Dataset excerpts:
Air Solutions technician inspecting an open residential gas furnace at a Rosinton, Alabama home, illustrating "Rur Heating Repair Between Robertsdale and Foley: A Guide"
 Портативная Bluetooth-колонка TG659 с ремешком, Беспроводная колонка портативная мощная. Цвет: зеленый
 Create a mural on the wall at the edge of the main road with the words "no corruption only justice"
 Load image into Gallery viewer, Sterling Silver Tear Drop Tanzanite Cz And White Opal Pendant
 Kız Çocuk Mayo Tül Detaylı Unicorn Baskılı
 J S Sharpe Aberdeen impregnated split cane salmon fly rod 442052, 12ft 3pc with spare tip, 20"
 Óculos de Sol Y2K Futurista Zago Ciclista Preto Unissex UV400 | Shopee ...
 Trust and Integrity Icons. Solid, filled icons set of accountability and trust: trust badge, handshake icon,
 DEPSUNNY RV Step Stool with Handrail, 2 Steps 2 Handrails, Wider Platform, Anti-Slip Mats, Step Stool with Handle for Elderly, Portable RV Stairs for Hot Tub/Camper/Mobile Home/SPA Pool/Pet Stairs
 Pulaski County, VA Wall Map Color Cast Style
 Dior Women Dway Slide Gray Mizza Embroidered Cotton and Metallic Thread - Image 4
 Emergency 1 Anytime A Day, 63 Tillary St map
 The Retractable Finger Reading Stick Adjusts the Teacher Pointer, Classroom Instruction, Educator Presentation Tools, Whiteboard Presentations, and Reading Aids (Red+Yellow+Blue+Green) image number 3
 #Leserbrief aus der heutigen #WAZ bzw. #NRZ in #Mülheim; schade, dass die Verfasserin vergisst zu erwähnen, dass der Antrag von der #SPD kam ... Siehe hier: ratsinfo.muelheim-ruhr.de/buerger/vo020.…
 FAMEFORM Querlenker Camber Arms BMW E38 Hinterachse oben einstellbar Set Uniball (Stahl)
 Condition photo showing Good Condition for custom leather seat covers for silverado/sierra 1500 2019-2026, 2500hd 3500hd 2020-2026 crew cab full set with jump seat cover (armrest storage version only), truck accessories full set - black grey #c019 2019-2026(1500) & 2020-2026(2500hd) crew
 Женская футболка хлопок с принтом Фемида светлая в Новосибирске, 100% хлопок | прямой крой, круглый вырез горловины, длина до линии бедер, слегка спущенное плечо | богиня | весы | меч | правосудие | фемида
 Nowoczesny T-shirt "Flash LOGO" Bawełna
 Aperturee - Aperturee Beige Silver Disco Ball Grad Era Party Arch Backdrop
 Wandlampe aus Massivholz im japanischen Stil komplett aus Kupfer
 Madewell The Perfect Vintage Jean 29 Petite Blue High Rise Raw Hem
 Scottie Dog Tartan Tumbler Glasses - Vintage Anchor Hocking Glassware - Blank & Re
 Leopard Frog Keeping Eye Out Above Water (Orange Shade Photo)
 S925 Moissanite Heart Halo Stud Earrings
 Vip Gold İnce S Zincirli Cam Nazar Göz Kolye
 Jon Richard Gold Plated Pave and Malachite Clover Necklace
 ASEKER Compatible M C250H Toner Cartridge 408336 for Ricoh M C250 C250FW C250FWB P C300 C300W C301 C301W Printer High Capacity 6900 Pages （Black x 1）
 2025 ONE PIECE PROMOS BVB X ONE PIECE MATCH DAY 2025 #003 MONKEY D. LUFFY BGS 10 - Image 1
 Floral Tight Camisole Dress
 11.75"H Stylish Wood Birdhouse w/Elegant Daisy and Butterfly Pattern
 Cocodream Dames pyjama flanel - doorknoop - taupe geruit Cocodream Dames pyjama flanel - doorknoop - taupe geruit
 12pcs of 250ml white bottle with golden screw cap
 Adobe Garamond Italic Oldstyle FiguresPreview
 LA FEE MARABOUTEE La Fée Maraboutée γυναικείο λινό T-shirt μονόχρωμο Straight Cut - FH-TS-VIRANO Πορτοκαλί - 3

--- Exercise instructions ---
Repeat word for word the lines above that run from the line containing "DEPSUNNY RV Step" through the line containing "Emergency 1 Anytime A Day, 63 Tillary St map", both ends included, and nothing else.

--- Task result ---
 DEPSUNNY RV Step Stool with Handrail, 2 Steps 2 Handrails, Wider Platform, Anti-Slip Mats, Step Stool with Handle for Elderly, Portable RV Stairs for Hot Tub/Camper/Mobile Home/SPA Pool/Pet Stairs
 Pulaski County, VA Wall Map Color Cast Style
 Dior Women Dway Slide Gray Mizza Embroidered Cotton and Metallic Thread - Image 4
 Emergency 1 Anytime A Day, 63 Tillary St map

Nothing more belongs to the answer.